A Positivo também deve entrar em breve no mercado de e-Readers. O Alfa, que teve suas informações dissecadas pela Info, também terá 6 polegadas, mas deixou de lado o teclado físico e ganhou tela sensível ao toque. O aparelho aceitará livros no formato PDF, ePub e TXT para rechear seus 2 GB de espaço interno. Um detalhe bacana é o Dicionário Aurélio que já virá embutido no leitor. Mas, como todos os concorrentes nacionais do Kindle, o Alfa também não tem 3G ou Wi-Fi.

Segundo as informações de preço, o Alfa custará 799 reais nos primeiros meses, sofrendo um corte sutil de 50 reais a partir do terceiro mês e ainda mais uma redução de preço no Natal, época em que outros leitores deverão chegar ao país. Ainda segundo a Info, o leitor começaria a ser vendido em junho, mas já estamos quase no meio de julho e nada do Alfa.

Preço

Valor digitalmente salgado

Mas como convencer as pessoas de que é bom ler livros na tela do computador ou que vale a pena gastar um bom dinheiro em um leitor digital? A promessa dos varejistas era de que os e-Books custariam de 20% a 30% menos do que os livros impressos. Nos livros nacionais, essa promessa aparece em pouquíssimos casos, “detalhe” que deve manter distantes os novos usuários.

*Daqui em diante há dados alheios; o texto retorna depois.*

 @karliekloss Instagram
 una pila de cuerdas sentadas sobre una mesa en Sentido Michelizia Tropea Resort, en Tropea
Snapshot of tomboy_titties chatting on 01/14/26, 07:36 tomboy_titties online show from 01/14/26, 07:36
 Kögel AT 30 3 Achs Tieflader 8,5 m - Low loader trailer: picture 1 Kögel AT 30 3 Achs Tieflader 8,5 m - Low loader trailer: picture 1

Um dos exemplos mais sensíveis é o Top 10 dentro do Saraiva Digital Reader. Ao clicar no livro, caso ele tenha uma versão de papel, o site o avisa e dá um link para a compra. Essa integração causa situações estranhas. O livro mais vendido em versão digital, “O Que a Vida me Ensinou”, de Mário Sérgio Braz, custa 17,92 reais em sua versão digital. Ao clicar no link para a versão impressa, o usuário descobre que o livro custa 16,40 reais na loja online da Saraiva. Em outros casos, uma pesquisa rápida na internet, hábito comum para quem compra livros, encontra a obra impressa por melhor preço, como é o caso de “Leite Derramado”, de Chico Buarque, que custa R$ 29,90 na versão digital da Saraiva, mas pode ser encontrado em sua versão impressa por R$ 27,30 na FNAC. Para usuários iniciantes nos livros digitais, por que escolher a versão eletrônica em uma situação como essa?

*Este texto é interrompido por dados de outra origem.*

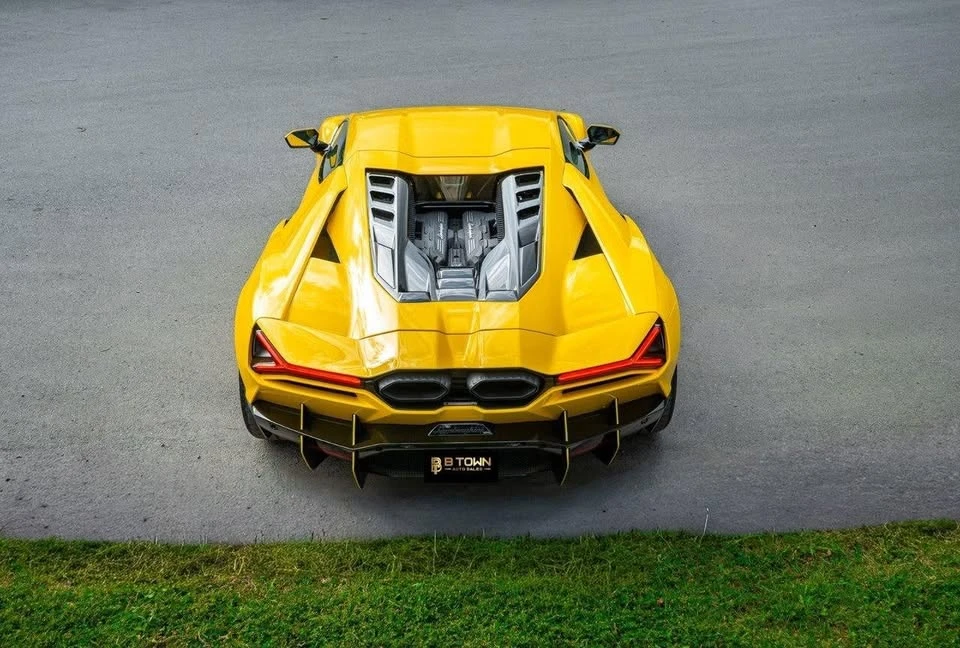 2024 Lamborghini Revuelto - Image 11 of 19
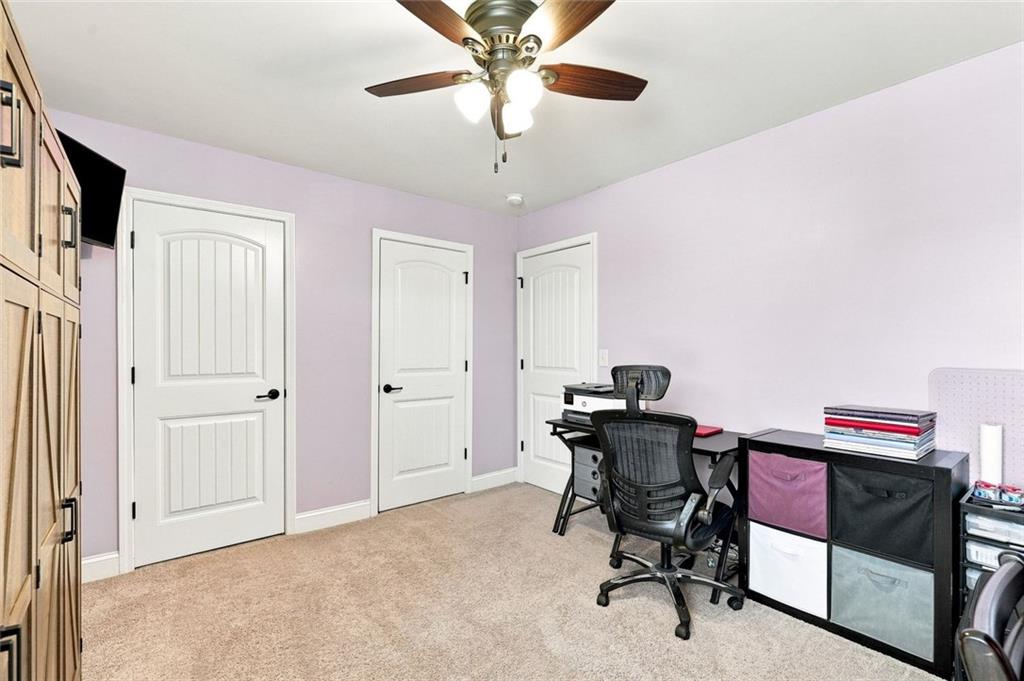 334 Red Cap Circle Property Photo 23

Por outro lado, os livros “importados” costumam valer a pena em sua versão digital. Livros como “Gil Evans: Out of the Cool: His Life and Music”, sobre um dos grandes pianistas da história do jazz, custa 27 dólares na Amazon. Na versão digital, vendida na Saraiva, o livro custa R$ 24,41. Um livro sobre o arquiteto Frank Lloyd Wright custa 26,99 dólares, o e-Book sai por R$ 43,73. Ao comprar livros importados, nenhum imposto é cobrado, mas o frete não é barato. Ou seja, “burlar” o envio e comprar a versão digital de uma obra que você só encontrará importada pode valer a pena. 

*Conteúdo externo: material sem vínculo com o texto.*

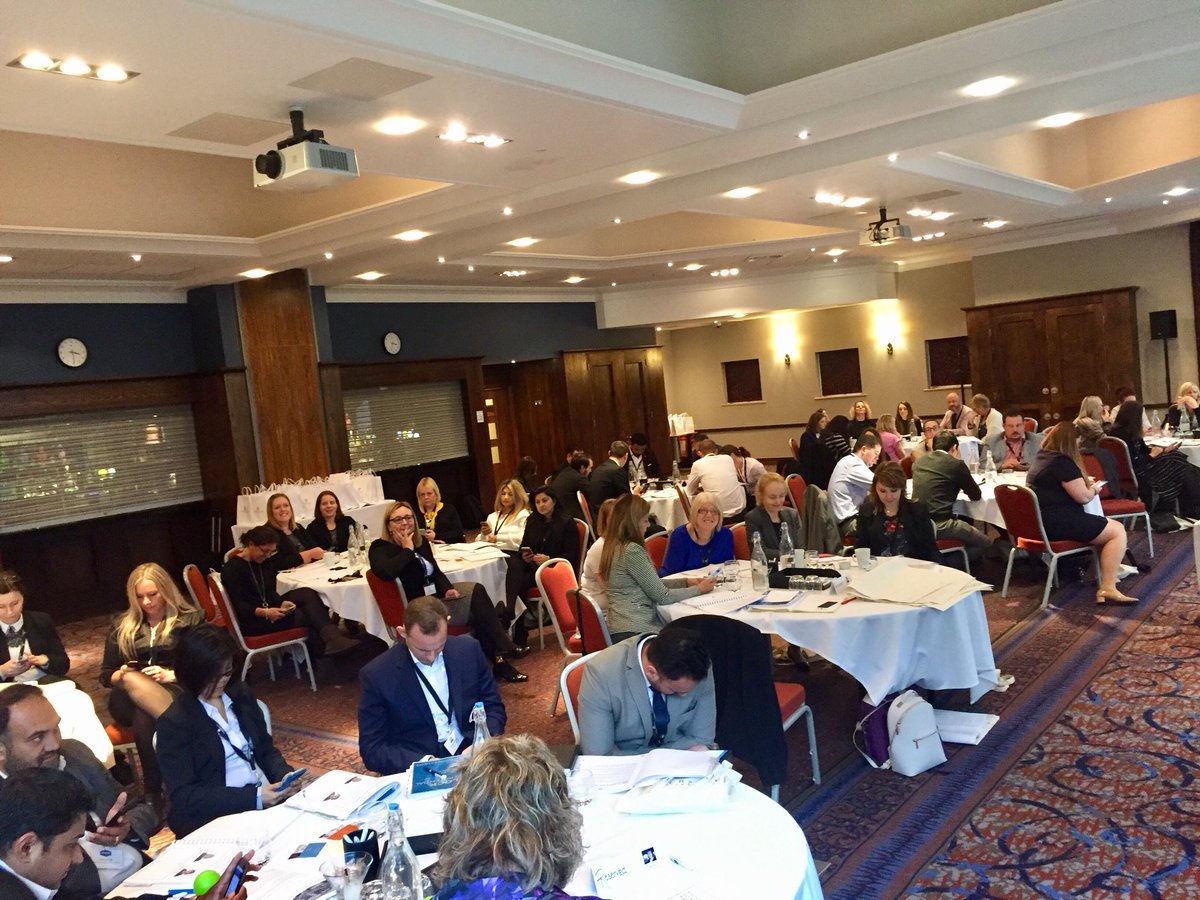 cozza_runs's tweet photo. @Interstate_eur @Draytonmanor Delegates using #slido #interactivepolls #HRDevDays https://t.co/61qYnNCOaT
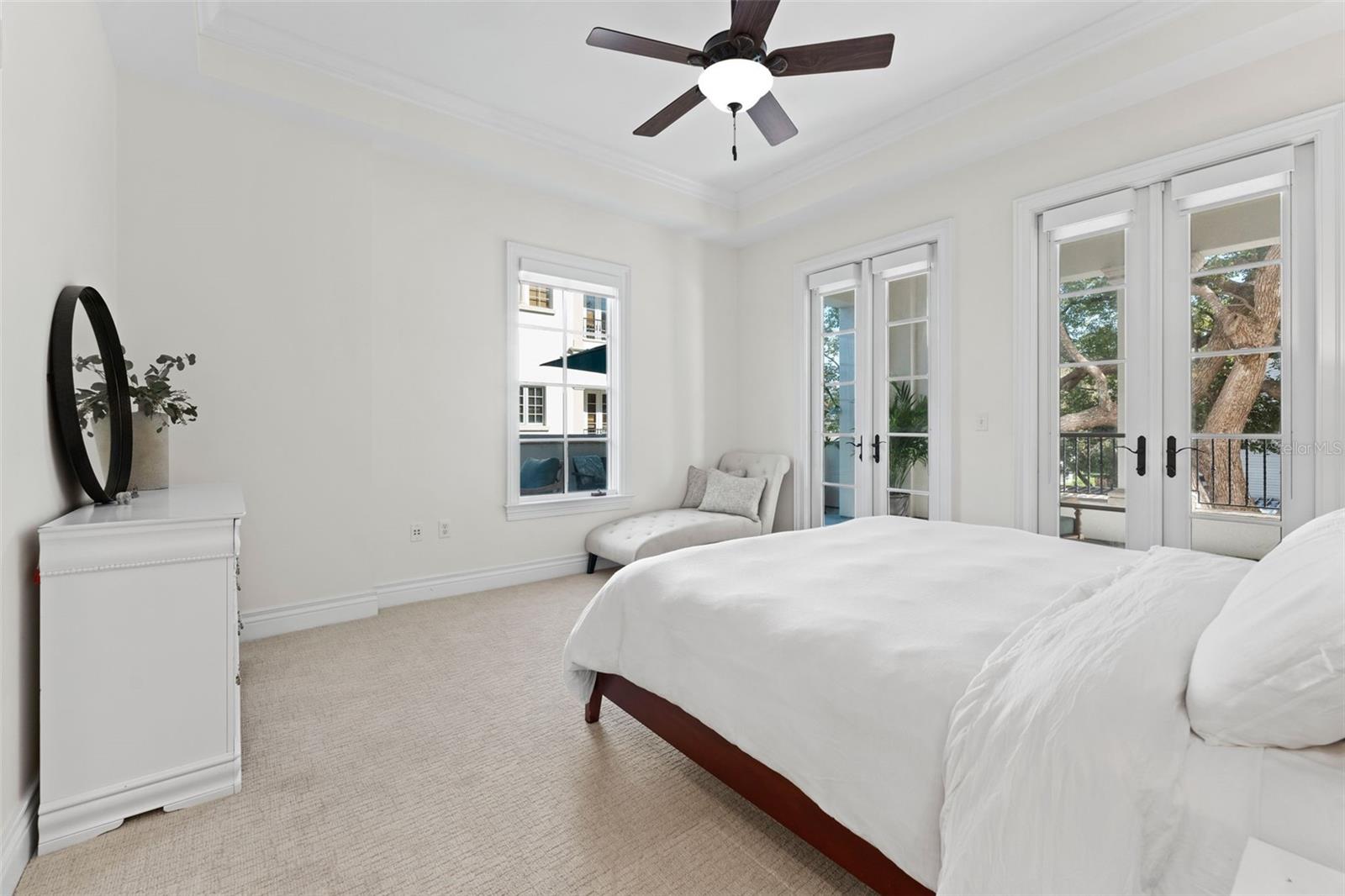 Listing photo id 11 for 610 Rome Avenue 203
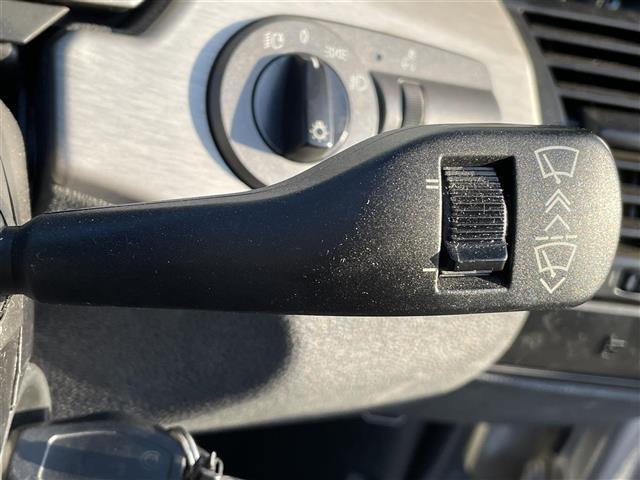 Ｚ４ ２．５ｉ　・純正ナビ・社外マフラー・電動格納ミラー・オートエアコン・オートライト・フォグランプ・ＤＳＣ（横滑り防止装置）・ＨＩＤヘッドライト・レザーシート・電動パワーシート両側（16枚目）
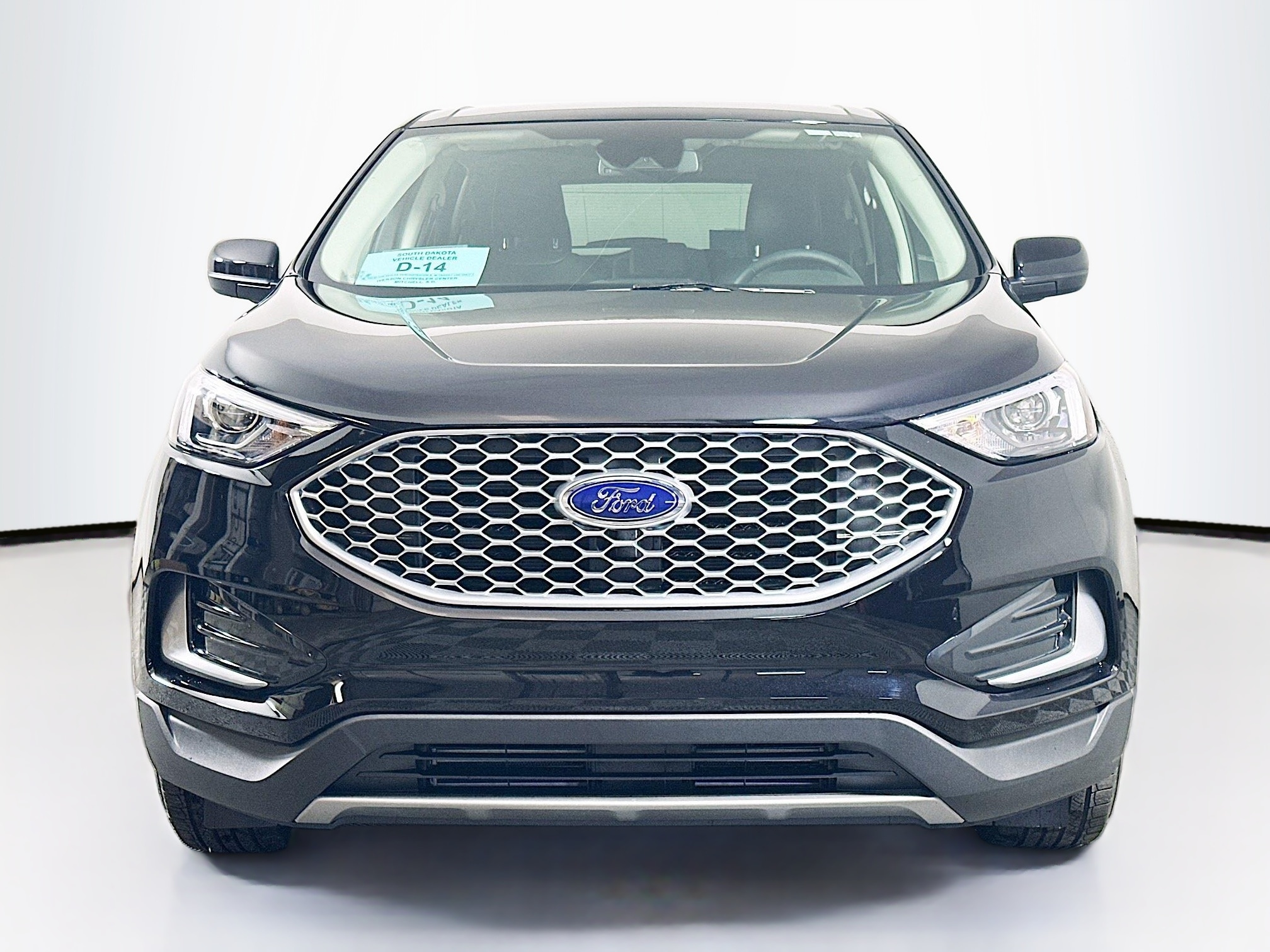 Used 2024 Ford Edge SEL with VIN 2FMPK4J92RBA76629 for sale in Mitchell, SD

Essa disparidade mostra o cenário atual dos e-Books no Brasil. Com poucos títulos e preços desestimulantes, o mercado é praticamente embrionário: é preciso esperar as negociações com as editoras avançarem e aguardar a chegada de mais e-Readers, criando concorrência e queda de preços. Por enquanto, além da sensação de estar vivendo o futuro, há poucos argumentos para entrar no mundo dos leitores digitais. Porém, a novidade ainda engatinha por aqui, e pelas promessas e apostas – tanto das editoras quanto dos varejistas – o sucesso desta tecnologia ainda está por vir. Enquanto isso, o jeito é esperar.